SARS-CoV-2 was diagnosed by polymerase chain reaction (PCR) assays TaqPath COVID- 19 Combo Kit (Thermo Fisher Scientific, Waltham, Massachusetts) or Cobas SARS-CoV-2 Test (Roche Diagnostics, Rotkreuz, Switzerland). Darunavir/cobicistat was given at dose of 1 tablet (800mg darunavir/ 150mg cobicistat) once daily, and ribavirin orally as 2.4g loading dose followed by 1.2g twice daily (with dose adjustment in case of renal impairment). As the COVID-19 situation was fluid, management protocol of such patients was frequently changed based on the rapidly changing and emerging evidence. Thus, till 23/03/2020 treatment of COVID-19 pneumonia (based on local protocol in Qatar) consisted of both darunavir/cobicistat AND ribavirin (DRV/COBI + RBV group). Later, the updated version of local treatment protocol recommended darunavir/cobicistat for COVID-19 pneumonia without the need of adding ribavirin (DRV/COBI group).
Ethical approval for this study was obtained from HMC Medical research center (MRC-01-20- 394). All patients met inclusion and exclusion criteria were included, since sample size could not be calculated as this is the first study to compare the safety and efficacy of DRV/COBI vs. DRV/COBI + RBV in COVID-19 patients.
Outcome Measures and Data Collection
The primary outcome was time to viral clearance (viral clearance is defined as two consecutive negative COVID-19 PCR samples). Secondary outcomes were: (1) viral clearance by day (7,14,21) and overall at day 28 (2) development of Acute Respiratory Distress Syndromes (ARDS) and all-cause mortality at day 28 (3) clinical deterioration (defined as intensive care unit (ICU) admission, intubation, vasopressor use, prone positioning, or extracorporeal membrane oxygenation (ECMO)), (4) length of hospital stay (5) clinical improvement (defined as resolution of fever and tachypnea), and (6) premature discontinuation of study treatment due to adverse drug reactions. Only ARDS and clinical deterioration that occurred ≥2 days from starting the drug were counted as outcome of the study therapy. Demographic data (age, gender, comorbidities...), virology results, laboratory data, radiology findings, and concomitant COVID medications were collected. Clinical data including presenting symptoms, vital signs, signs of clinical deterioration were also collected. All outcomes were assessed by 28 days from starting study treatment.
As the combination of DRV/COBI + RBV is believed to be maximally effective during viral replication stage (viremia), the outcomes of patients who started study treatment within 7 days of symptoms onset (early initiation) were compared to those who started the treatment after 7 days from the onset of symptoms (late initiation) as subgroup analyses.

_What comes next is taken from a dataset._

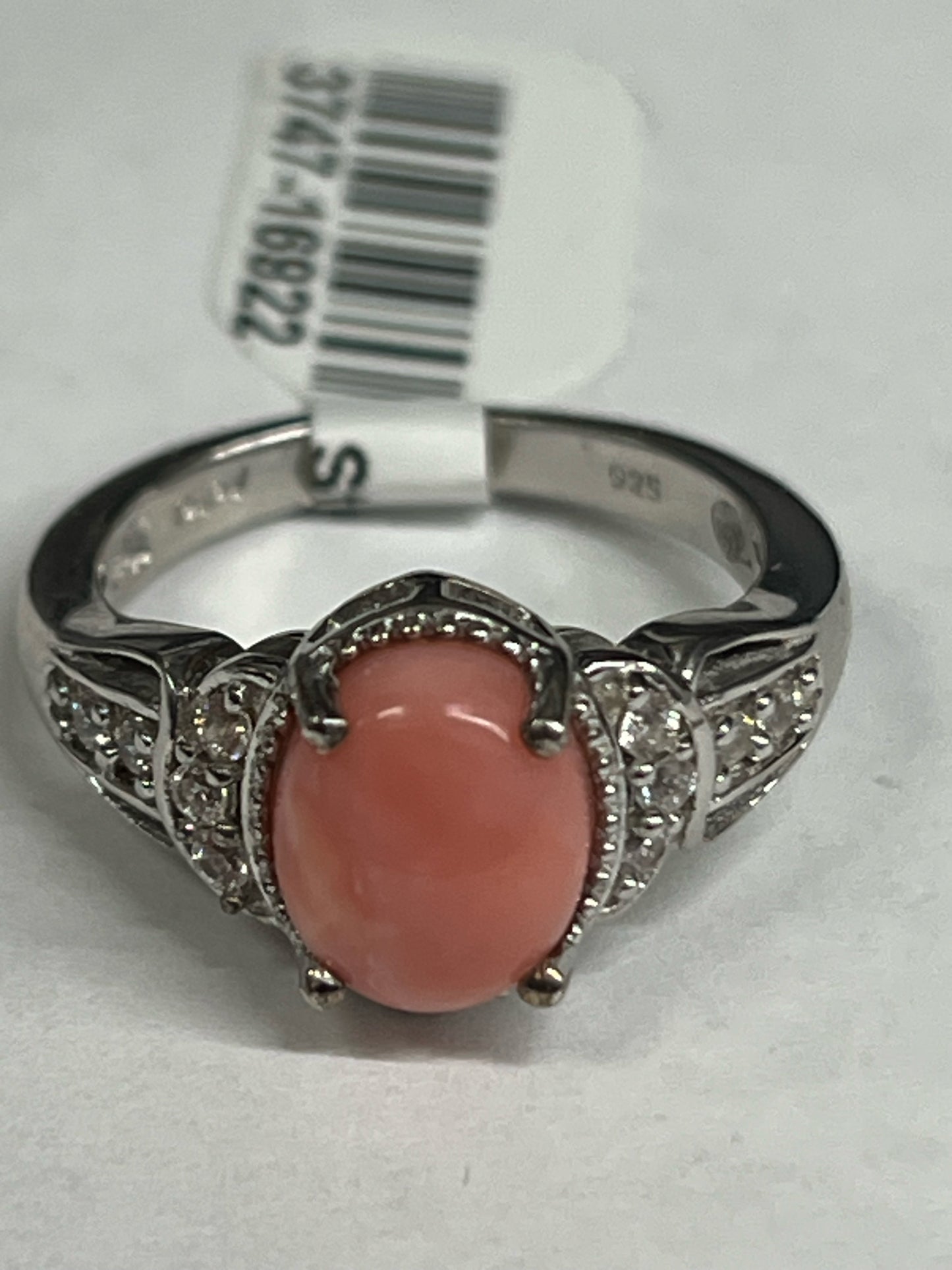 Sterling Silver Peach Opal Ring New JTV Size 8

Descriptive statistics were used to summarize demographics and all other characteristics of the patients. Categorical data were expressed by frequency (percentage), while continuous values expressed as mean±SD for normally distributed data or as median with interquartile range (IQR) for skewed data. The Shapiro-Wilk test was used for normality testing. Continuous data were examined with the Mann-Whitney U or independent t-test as appropriate while for categorical data we used the chi-square or Fischer’s exact tests as appropriate. Variables with statistical significance in the univariate analysis were included in the multivariate analysis.
Outcomes were assessed using Cox proportional hazards model to identify the independent factors for viral clearance at day 28 and ARDS.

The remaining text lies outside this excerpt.